3 of 3 people found the following review helpful A Kid's Review on June 3, 2005
Format: School & Library Binding
Book Review of "It Ain't all for Nothin"

The book "It Ain't All For Nothin" (1978) by Walter Dean Myers is a fiction story about a father named Lonnie and son, named Tippy. Is where Tippy goes through the roughest time adjusting to living with his father Lonnie. Why? Because his father Lonnie abuses him physical and mentally; also he has no steady job. So he steals and robs other people for a living with the help of his friends. And this isn't how Tippy's grandma raised him to live. But he have no where to go after his grandma become ill, and unable to care for the state think?

While reading this short novel I give it two thumps up. This novel is very good.

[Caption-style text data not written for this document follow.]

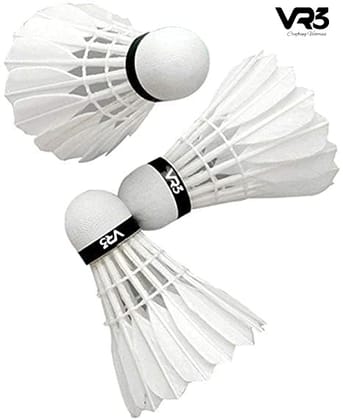 VR3 Badminton Shuttlecocks - High-Quality Feathers for Performance ( Pack of 10 suttlecock ) VR3 Badminton Shuttlecocks - High-Quality Feathers for Performance ( Pack of 10 suttlecock )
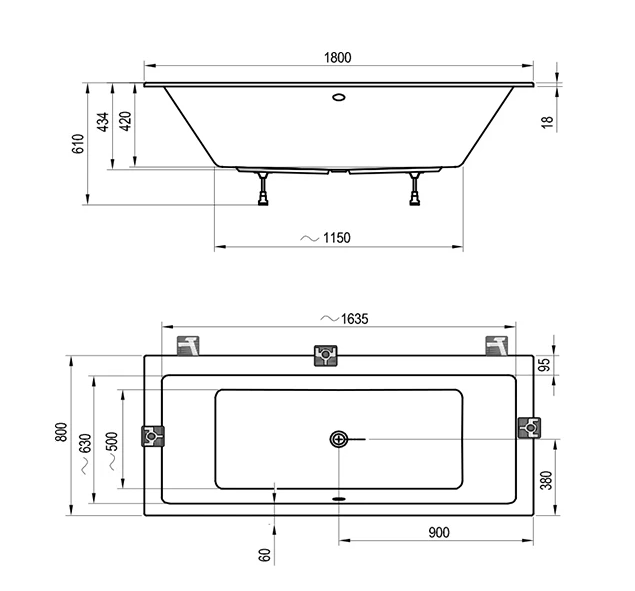 Ванна акриловая Ravak Formy 01 Slim C881300000 180x80 см (с ножками и экраном), белый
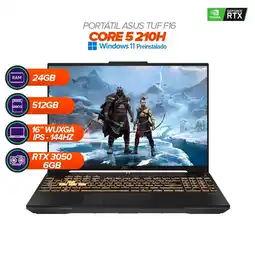 Falabella PORTÁTIL GAMER TUF F16 / Intel Core 5 210H / RTX 3050 / 24GB RAM / 512GB SSD / 16 WUXGA 144Hz oferta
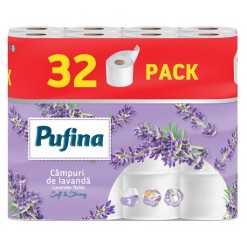 Toalettpapír, 3 rétegű, kistekercses, 32 tekercs, PUFINA "Lavender Fields", levendula illattal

It shows readers what a struggle it can be to live with an abusive person-Especially when you're used to doing the right thing and now you can't even be yourself anymore. It Ain't All For Nothin reminds of another novel I read last year. Black Girl Lost by Donald Gainer. Both novels...are two young black kids who are in an abusive home. [ With no one to rely on in the time of need have despair.] Until one day God must have known this was enough on their tiny hearts and sent someone their way for salvation. But the only thing different about that Tippy in ItAin't All for Nothin is a boy and his father Lonnie abuses him. Sarah, a character in Black Girl Lost is being abuses her mother and her drunk male friends.

The novel's conflict is very dramatic in some of the chapter. Sometime the character Tippy would describe the beating his father would give him. For instance Lonnie thought Tippy would rat him out to the cop about a robbery he made Tippy be part of, so he beat Tippy like he was a man his age. I became upset and angry not just with this one occasion there are many more.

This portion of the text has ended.